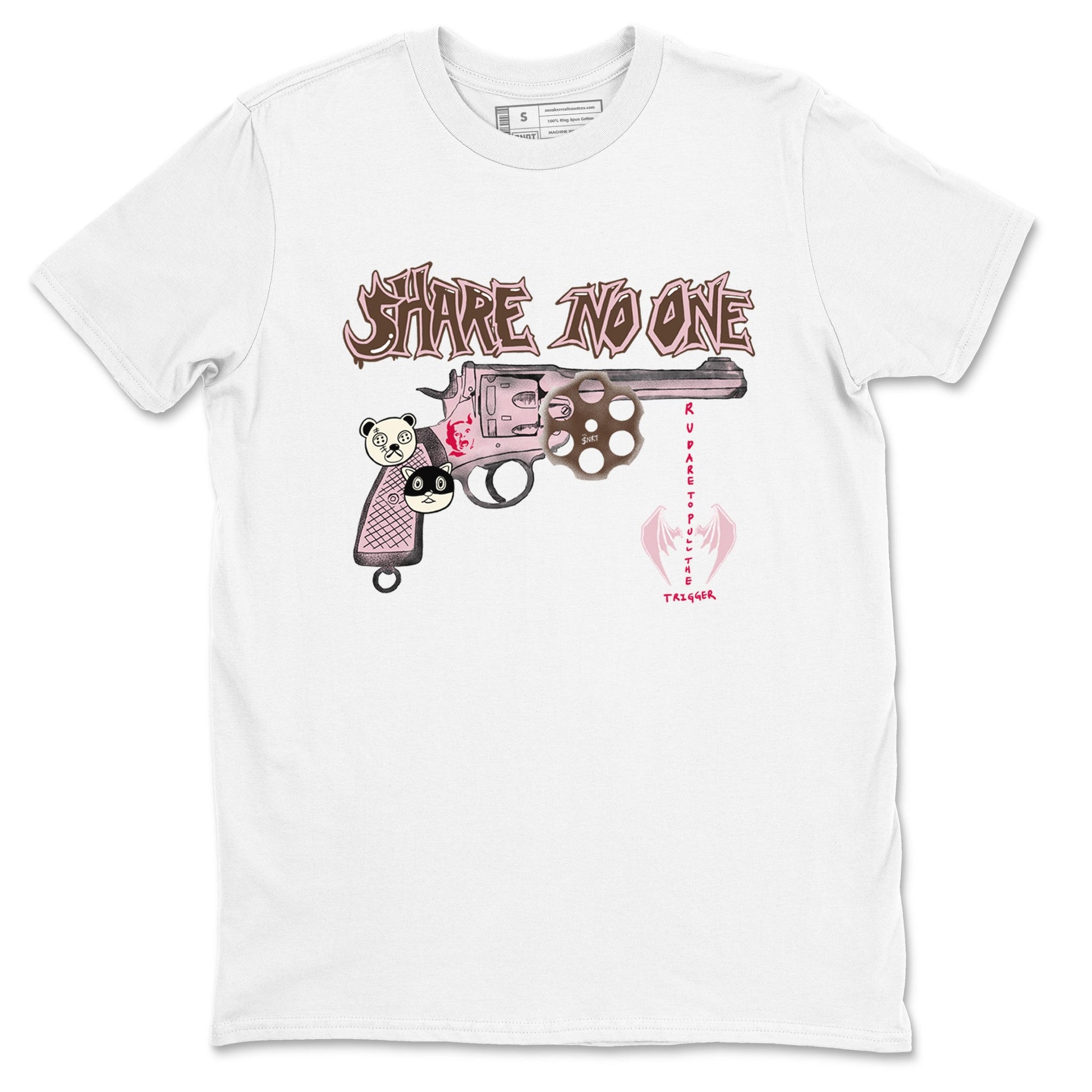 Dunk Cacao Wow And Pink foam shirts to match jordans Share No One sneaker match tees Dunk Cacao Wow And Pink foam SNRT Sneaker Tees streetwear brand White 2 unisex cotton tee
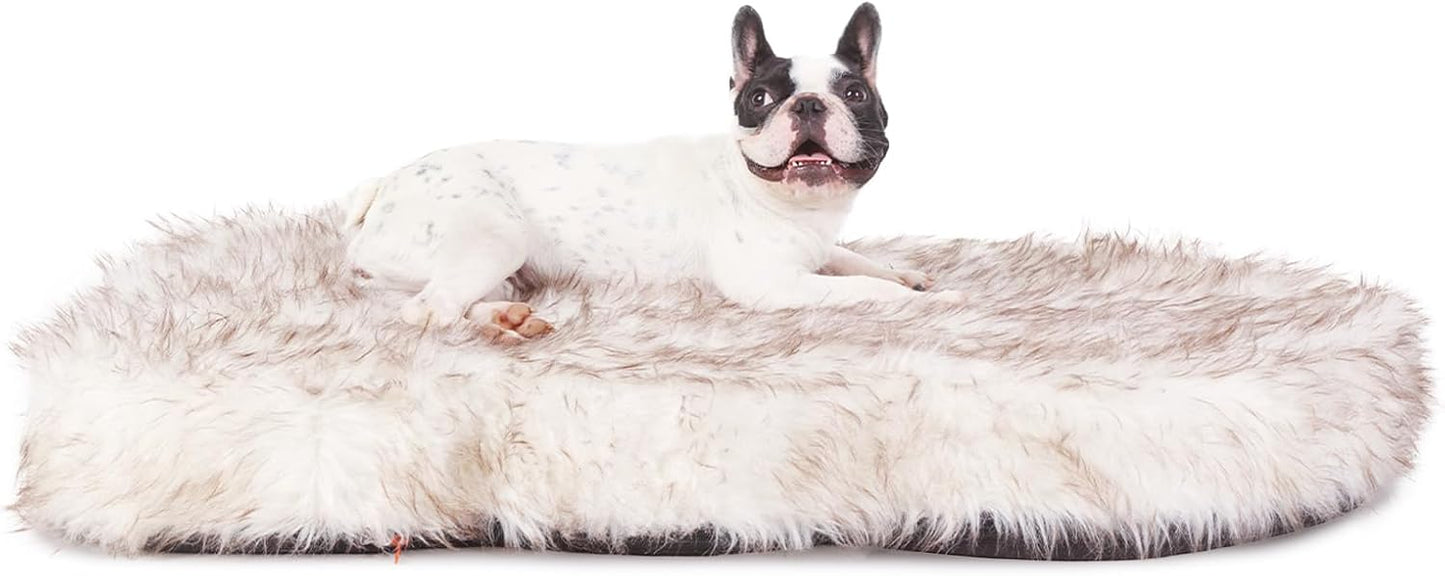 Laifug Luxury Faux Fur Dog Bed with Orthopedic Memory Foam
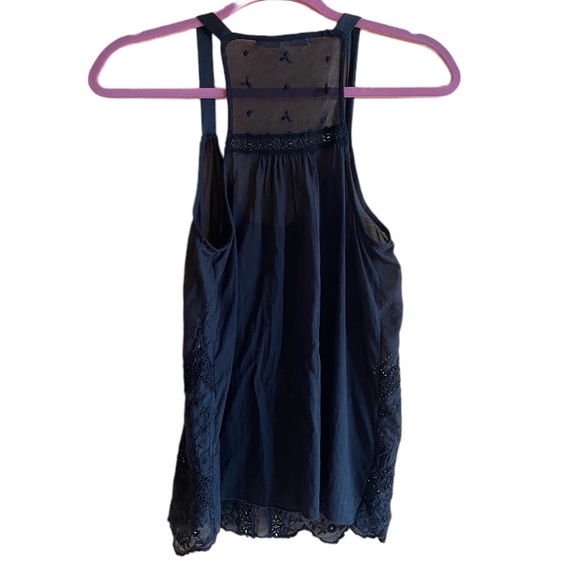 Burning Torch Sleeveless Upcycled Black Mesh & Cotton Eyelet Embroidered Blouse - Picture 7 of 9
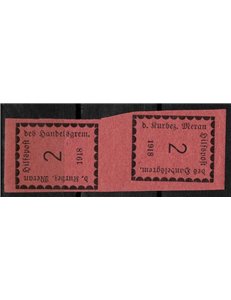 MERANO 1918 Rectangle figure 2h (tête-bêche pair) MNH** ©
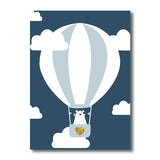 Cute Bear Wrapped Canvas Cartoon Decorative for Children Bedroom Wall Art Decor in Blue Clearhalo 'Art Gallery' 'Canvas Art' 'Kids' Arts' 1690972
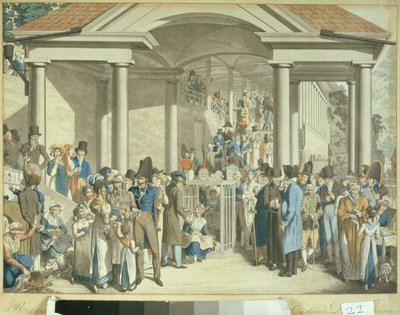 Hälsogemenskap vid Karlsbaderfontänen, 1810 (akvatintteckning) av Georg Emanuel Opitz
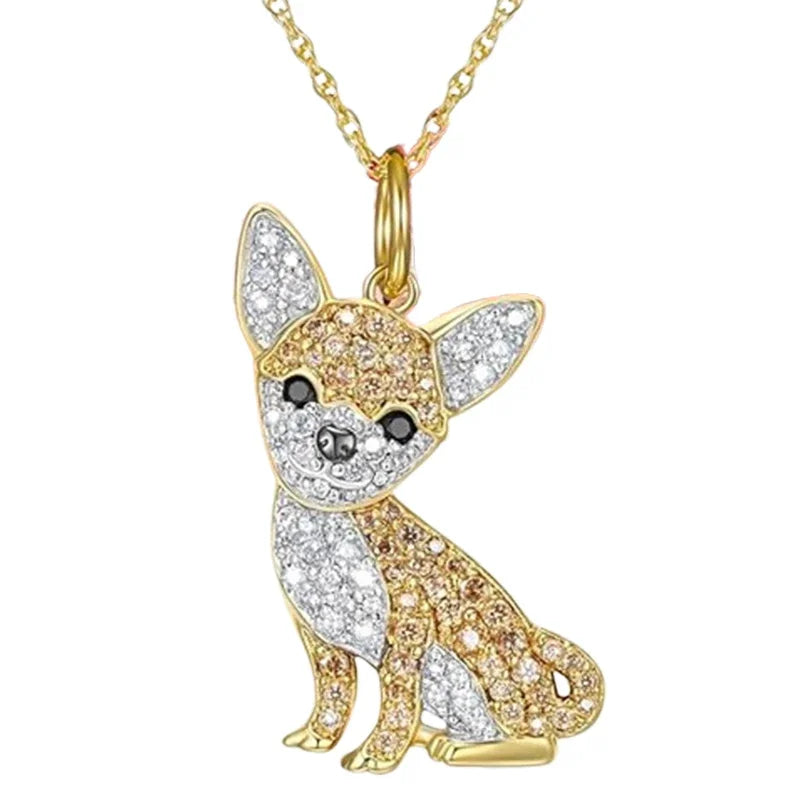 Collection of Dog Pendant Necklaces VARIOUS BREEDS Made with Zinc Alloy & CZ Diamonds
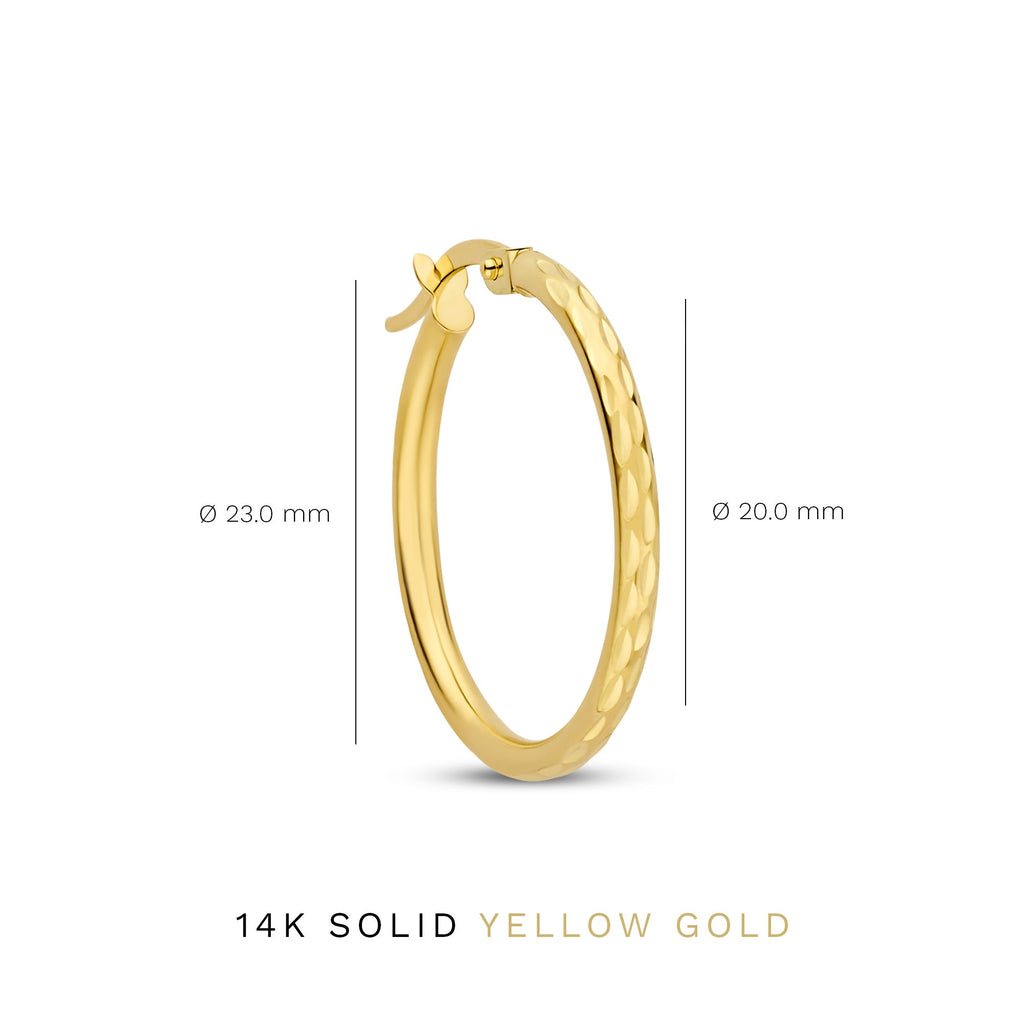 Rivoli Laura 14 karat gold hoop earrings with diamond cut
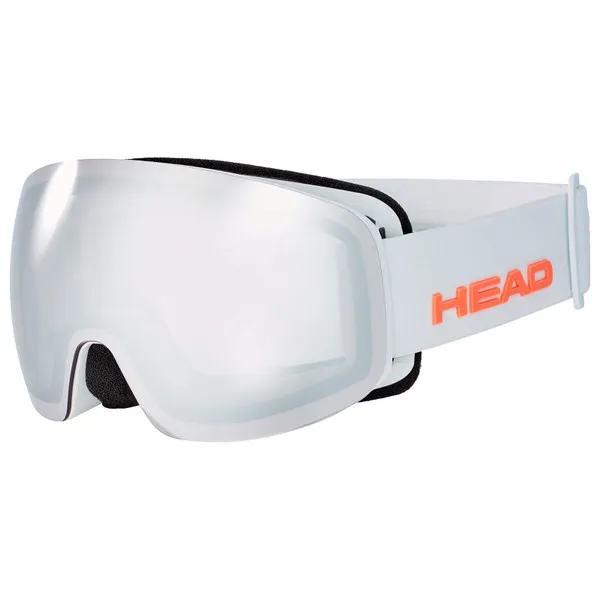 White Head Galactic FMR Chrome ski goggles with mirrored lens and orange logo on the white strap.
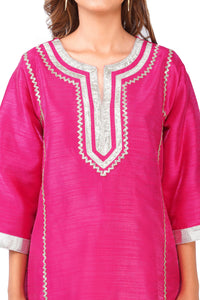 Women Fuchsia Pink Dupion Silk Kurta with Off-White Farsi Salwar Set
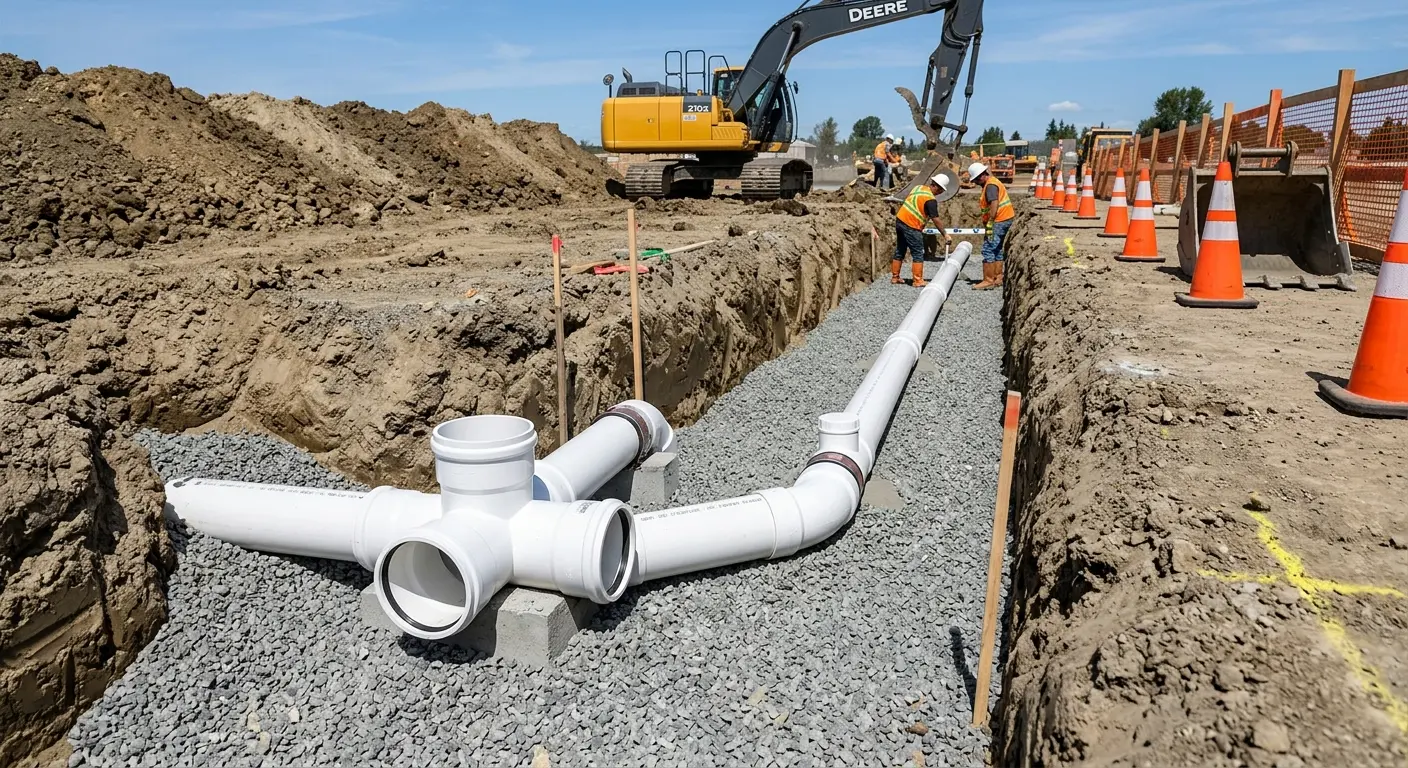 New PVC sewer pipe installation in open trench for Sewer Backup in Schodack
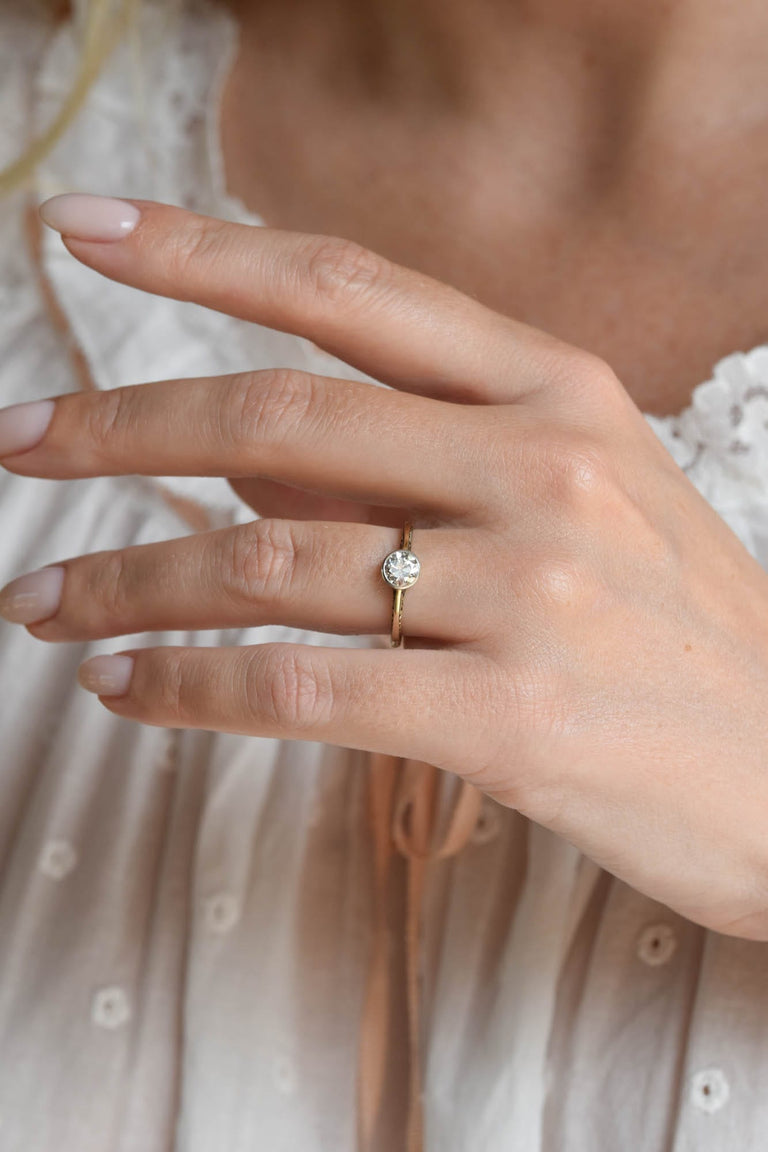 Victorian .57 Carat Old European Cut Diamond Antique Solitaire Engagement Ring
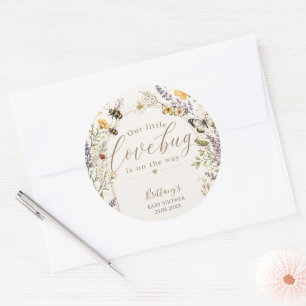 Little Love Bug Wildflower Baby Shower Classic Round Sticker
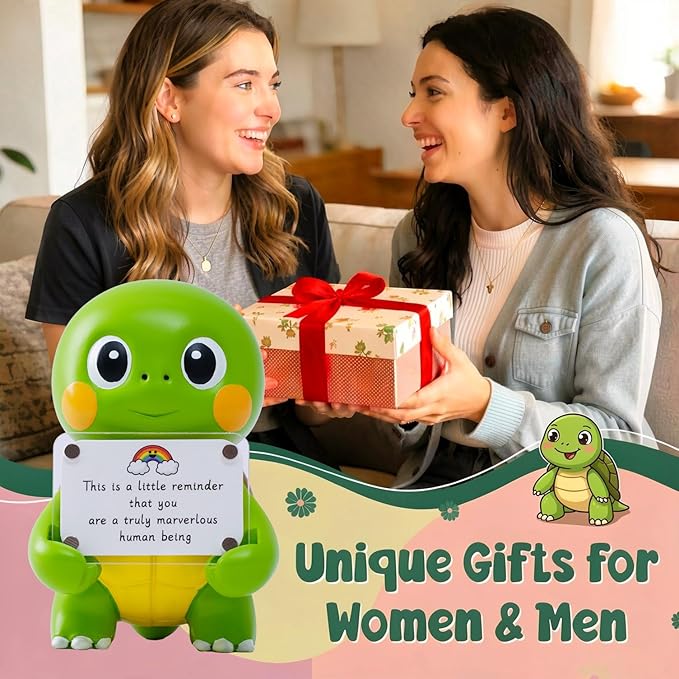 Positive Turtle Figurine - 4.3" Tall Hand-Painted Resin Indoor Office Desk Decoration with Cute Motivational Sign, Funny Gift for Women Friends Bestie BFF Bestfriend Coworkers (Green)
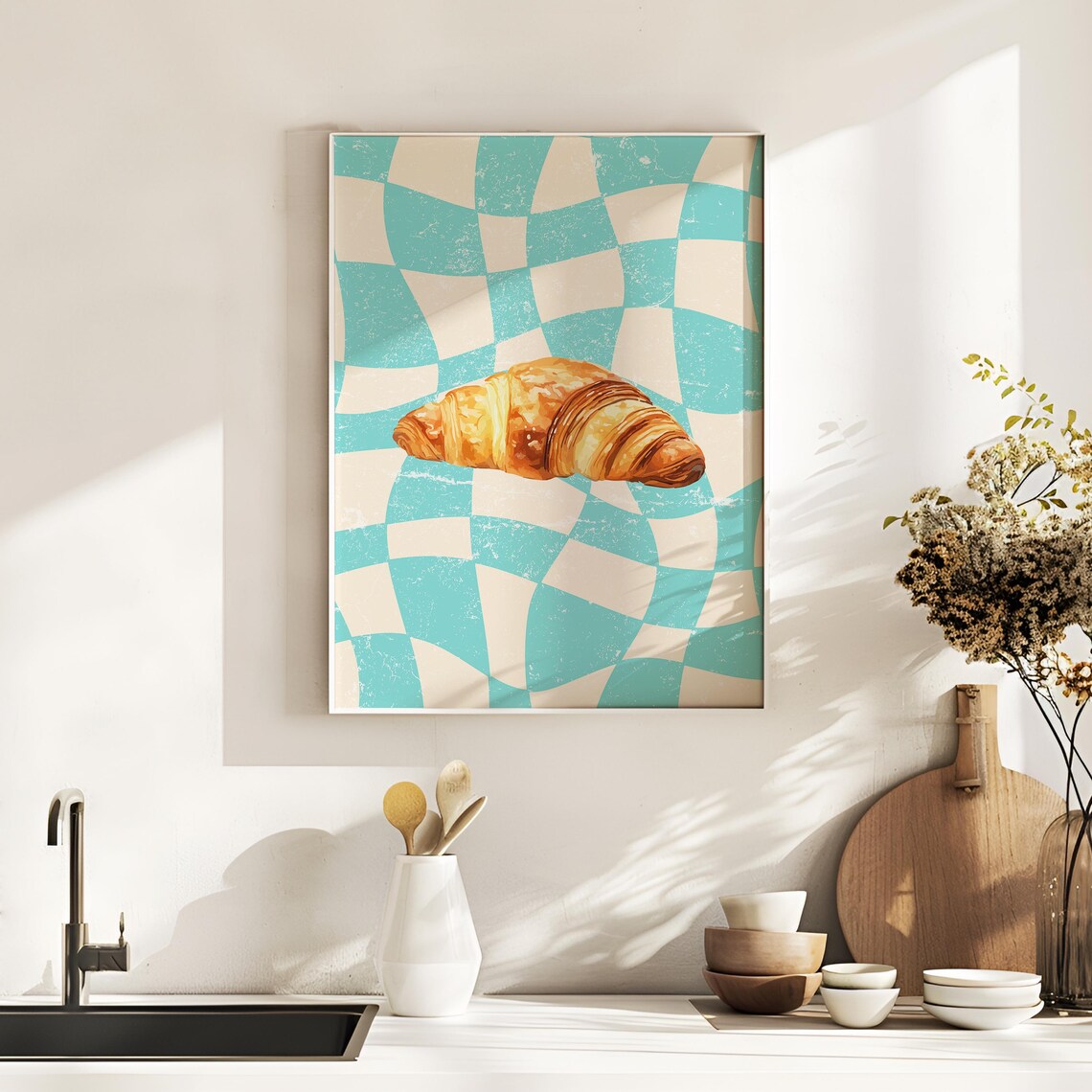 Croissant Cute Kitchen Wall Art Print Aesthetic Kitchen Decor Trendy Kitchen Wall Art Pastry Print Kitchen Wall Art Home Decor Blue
------------------------------------------------------------
== Exercise details ==
Leaving out the images, repeat the listing above exactly.

== Your solution ==
 Dunk Cacao Wow And Pink foam shirts to match jordans Share No One sneaker match tees Dunk Cacao Wow And Pink foam SNRT Sneaker Tees streetwear brand White 2 unisex cotton tee
 Laifug Luxury Faux Fur Dog Bed with Orthopedic Memory Foam
 Burning Torch Sleeveless Upcycled Black Mesh & Cotton Eyelet Embroidered Blouse - Picture 7 of 9
 MERANO 1918 Rectangle figure 2h (tête-bêche pair) MNH** ©
 Cute Bear Wrapped Canvas Cartoon Decorative for Children Bedroom Wall Art Decor in Blue Clearhalo 'Art Gallery' 'Canvas Art' 'Kids' Arts' 1690972
 Hälsogemenskap vid Karlsbaderfontänen, 1810 (akvatintteckning) av Georg Emanuel Opitz
 Collection of Dog Pendant Necklaces VARIOUS BREEDS Made with Zinc Alloy & CZ Diamonds
 Rivoli Laura 14 karat gold hoop earrings with diamond cut
 White Head Galactic FMR Chrome ski goggles with mirrored lens and orange logo on the white strap.
 Women Fuchsia Pink Dupion Silk Kurta with Off-White Farsi Salwar Set
 New PVC sewer pipe installation in open trench for Sewer Backup in Schodack
 Victorian .57 Carat Old European Cut Diamond Antique Solitaire Engagement Ring
 Little Love Bug Wildflower Baby Shower Classic Round Sticker
 Positive Turtle Figurine - 4.3" Tall Hand-Painted Resin Indoor Office Desk Decoration with Cute Motivational Sign, Funny Gift for Women Friends Bestie BFF Bestfriend Coworkers (Green)
 Croissant Cute Kitchen Wall Art Print Aesthetic Kitchen Decor Trendy Kitchen Wall Art Pastry Print Kitchen Wall Art Home Decor Blue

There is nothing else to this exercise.